The novel’s central occupation is with what constitutes “real” life. It starts at drinks, when Miller asks for “real food” (apparently just not ice cream), and Vincent, who works in finance, says they need “real jobs”. “Real life” is how the students refer to the people who live, work and play outside the university, but it takes on various grander meanings throughout the novel. “Doing things that you can’t take back is what the real world is,” says Vincent from the real world. And later Vincent tells Wallace that “he doesn’t get to fuck it all up for other people. This is real life.” The implication is that Wallace is estranged from real life, only playing at living. He dreams constantly of slipping out of this life and into the next one, although not necessarily in a religious or suicidal way. It explains the unreal sheen of the novel, a slightly distorted and dislocated feeling, as if you’re seeing the world through a plastic sphere, or the glass-encased building which houses Wallace’s experiments. I puzzled over where the novel is set – a deliberately vague city on three lakes with a capitol building (it’s most likely Madison, Wisconsin).

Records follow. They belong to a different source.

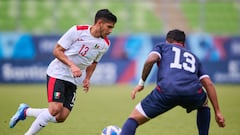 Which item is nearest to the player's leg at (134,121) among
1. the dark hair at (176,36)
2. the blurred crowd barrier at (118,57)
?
the dark hair at (176,36)

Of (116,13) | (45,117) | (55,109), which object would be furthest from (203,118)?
(116,13)

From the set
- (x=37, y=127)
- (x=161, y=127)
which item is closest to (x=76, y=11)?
(x=161, y=127)

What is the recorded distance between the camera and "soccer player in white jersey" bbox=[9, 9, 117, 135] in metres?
8.53

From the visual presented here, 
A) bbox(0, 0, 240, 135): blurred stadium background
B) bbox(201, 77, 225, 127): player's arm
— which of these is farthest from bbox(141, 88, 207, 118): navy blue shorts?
bbox(0, 0, 240, 135): blurred stadium background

What has caused this estrangement? Certainly the things that happened to him at home, where he should have been safe. While there’s a wonderful fluidity to the sexuality characters in the novel, which dates them as 20-something millennials in a university town, this is still the Midwest, and Wallace grew up in the South. He’s also the first black person to work in the his lab in three decades, and despite the openness of his friends, he is constantly belittled in ways obvious and subtle, by people who explicitly hate him, and those who purport to care about him. The novel is particularly incisive around the culpability of his well-meaning white friends. After a racist remark at dinner, he contemplates the fact that “there will always be good white people who love him and want the best for him but who are more afraid of other white people than of letting him down.” “Silence and laughter,” he thinks. “This is how they get by.” Then there’s the unequal and unfair treatment Wallace faces at the hands of his lab director Simone. Even if he knows in his heart what is going on, it is too carefully slippery to pin down. “The shadow pain,” is what he calls it, “he cannot say its real name. Because to say its real name would be to cause trouble, to make waves.”

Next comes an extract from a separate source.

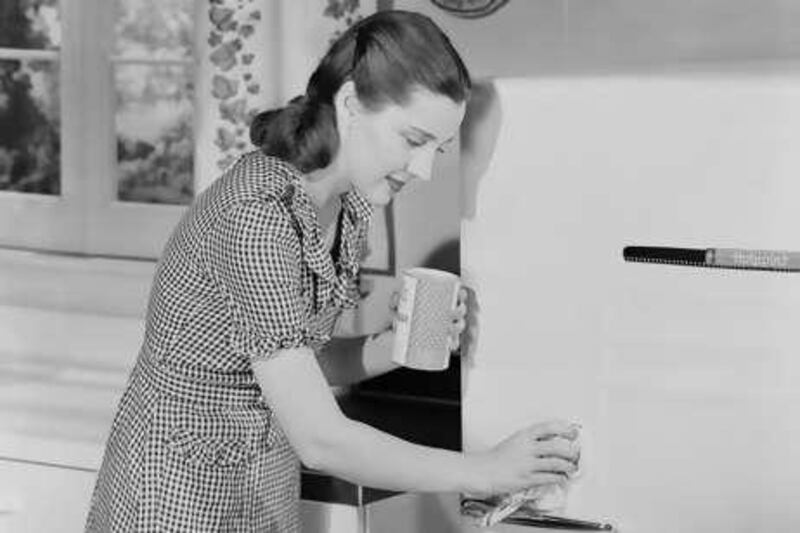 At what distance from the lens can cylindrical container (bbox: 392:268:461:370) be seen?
1982 millimetres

Despite its heaviness, Real Life is often very funny. To dinners Wallace “typically brings crackers or another form of fibre because his friends are full of shit and need cleaning out from time to time.” A woman who may be a competitor in romance “seems nice, but in the way that white people are nice right before they perform some new role in the secret machinery that ruins black people’s lives”. Taylor also has a way with nature, senses and metaphor (I particularly liked the grads’ adulthood “as wet as new moths’ wings”). He creates poetry out of the words of science and sport, creating new possibilities in technical languages.
The third chapter, in which Wallace and Cole play tennis, is so achingly lovely it made my heart stop. I’m bored senseless by sport, but was transfixed by Taylor’s description of their game. After tennis, the two of them go down to the lake and lie in the grass. There’s tension between them, friendship and something more, heightened by the hot late summer afternoon:
The world is all its vastness is still and quiet. Even the birds sit suspended on their perches. A cricket crawls to the end of a yellow piece of grass and beats out several long cries. Then it’s swallowed by a heron.
The chapter ends with new uncertainty in their friendship, but also a stunning grace note:
They get up from the lakeshore just as the game at the stadium is ending. There is a huge cry from beyond, as all the herons and geese alight from the water and take to the air. Grey water falls from their wings, and for a moment it’s like rain.
Gay rating: 5/5 for numerous gay characters, gay sex and queer themes.